3. Find the inverse of the matrix \(\left( {\begin{aligned}{*{20}{c}}{\bf{8}}&{\bf{5}}\\{ - {\bf{7}}}&{ - {\bf{5}}}\end{aligned}} \right)\).

\(\begin{aligned}{c}\det \left( {\left( {\begin{aligned}{*{20}{c}}8&5\\{ - 7}&{ - 5}\end{aligned}} \right)} \right) = 8\left( { - 5} \right) - 5\left( { - 7} \right)\\ = - 40 + 35\\\det \left( {\left( {\begin{aligned}{*{20}{c}}8&5\\{ - 7}&{ - 5}\end{aligned}} \right)} \right) = - 5 \ne 0\end{aligned}\)

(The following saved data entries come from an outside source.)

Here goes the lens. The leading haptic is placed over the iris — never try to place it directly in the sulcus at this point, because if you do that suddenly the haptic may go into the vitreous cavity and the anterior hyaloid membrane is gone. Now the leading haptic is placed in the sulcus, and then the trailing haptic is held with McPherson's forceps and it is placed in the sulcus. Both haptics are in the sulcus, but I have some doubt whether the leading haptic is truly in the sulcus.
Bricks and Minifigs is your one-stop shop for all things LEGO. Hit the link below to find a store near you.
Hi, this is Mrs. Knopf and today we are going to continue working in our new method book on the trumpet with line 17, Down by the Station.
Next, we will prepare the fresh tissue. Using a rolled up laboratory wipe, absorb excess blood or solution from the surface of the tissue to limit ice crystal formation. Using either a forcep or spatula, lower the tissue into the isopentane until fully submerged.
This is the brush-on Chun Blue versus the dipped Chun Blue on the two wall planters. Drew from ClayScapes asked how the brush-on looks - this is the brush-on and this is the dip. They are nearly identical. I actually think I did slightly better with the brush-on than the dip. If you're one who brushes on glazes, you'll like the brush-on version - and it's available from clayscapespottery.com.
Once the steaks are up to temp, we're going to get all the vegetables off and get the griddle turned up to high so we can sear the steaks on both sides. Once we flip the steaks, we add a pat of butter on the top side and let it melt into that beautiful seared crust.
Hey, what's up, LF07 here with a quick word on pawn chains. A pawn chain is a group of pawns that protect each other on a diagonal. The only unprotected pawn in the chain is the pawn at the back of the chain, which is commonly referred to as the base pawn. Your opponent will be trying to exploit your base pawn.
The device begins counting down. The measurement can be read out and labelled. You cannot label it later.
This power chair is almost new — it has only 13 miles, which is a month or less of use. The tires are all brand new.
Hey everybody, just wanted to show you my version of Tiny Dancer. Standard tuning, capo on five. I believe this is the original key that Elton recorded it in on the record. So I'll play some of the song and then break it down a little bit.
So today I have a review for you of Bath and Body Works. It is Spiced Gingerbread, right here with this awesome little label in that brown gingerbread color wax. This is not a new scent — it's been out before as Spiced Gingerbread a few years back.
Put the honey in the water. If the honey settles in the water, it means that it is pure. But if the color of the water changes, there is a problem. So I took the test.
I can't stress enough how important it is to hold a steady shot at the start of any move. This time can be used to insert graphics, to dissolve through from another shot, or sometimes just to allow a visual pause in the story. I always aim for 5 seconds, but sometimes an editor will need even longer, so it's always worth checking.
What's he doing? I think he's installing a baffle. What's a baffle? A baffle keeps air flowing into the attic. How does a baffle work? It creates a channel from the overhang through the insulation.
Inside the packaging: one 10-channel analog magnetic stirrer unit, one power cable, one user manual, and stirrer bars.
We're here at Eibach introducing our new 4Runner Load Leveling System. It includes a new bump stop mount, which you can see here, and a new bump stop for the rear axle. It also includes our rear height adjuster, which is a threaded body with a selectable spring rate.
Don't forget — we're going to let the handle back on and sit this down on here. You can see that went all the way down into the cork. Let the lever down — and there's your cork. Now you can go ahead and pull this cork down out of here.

This implies that\(\left( {\begin{aligned}{*{20}{c}}8&5\\{ - 7}&{ - 5}\end{aligned}} \right)\)is invertible.

\({\left( {\begin{aligned}{*{20}{c}}a&b\\c&d\end{aligned}} \right)^{ - 1}} = \frac{1}{{ad - bc}}\left( {\begin{aligned}{*{20}{c}}d&{ - b}\\{ - c}&a\end{aligned}} \right)\) when \(ad - bc \ne 0\).

\(\begin{aligned}{c}{\left( {\begin{aligned}{*{20}{c}}8&5\\{ - 7}&{ - 5}\end{aligned}} \right)^{ - 1}} = \frac{1}{{ - 5}}\left( {\begin{aligned}{*{20}{c}}{ - 5}&{ - 5}\\7&8\end{aligned}} \right)\\ = \left( {\begin{aligned}{*{20}{c}}1&1\\{ - \frac{7}{5}}&{ - \frac{8}{5}}\end{aligned}} \right)\\{\left( {\begin{aligned}{*{20}{c}}8&5\\{ - 7}&{ - 5}\end{aligned}} \right)^{ - 1}} = \left( {\begin{aligned}{*{20}{c}}1&1\\{ - 1.4}&{ - 1.6}\end{aligned}} \right)\end{aligned}\)